*PROBLEM REQUIREMENTS*. Exactly as given, write out all the entries again.

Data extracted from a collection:

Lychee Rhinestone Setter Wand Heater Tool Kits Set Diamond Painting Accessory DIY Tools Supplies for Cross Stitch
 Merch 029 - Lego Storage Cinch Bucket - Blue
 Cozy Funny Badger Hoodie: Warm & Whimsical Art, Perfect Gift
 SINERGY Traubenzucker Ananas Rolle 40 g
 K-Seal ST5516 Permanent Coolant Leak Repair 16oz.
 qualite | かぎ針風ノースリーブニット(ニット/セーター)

*RESPONSE TO THIS TASK*.
Lychee Rhinestone Setter Wand Heater Tool Kits Set Diamond Painting Accessory DIY Tools Supplies for Cross Stitch
 Merch 029 - Lego Storage Cinch Bucket - Blue
 Cozy Funny Badger Hoodie: Warm & Whimsical Art, Perfect Gift
 SINERGY Traubenzucker Ananas Rolle 40 g
 K-Seal ST5516 Permanent Coolant Leak Repair 16oz.
 qualite | かぎ針風ノースリーブニット(ニット/セーター)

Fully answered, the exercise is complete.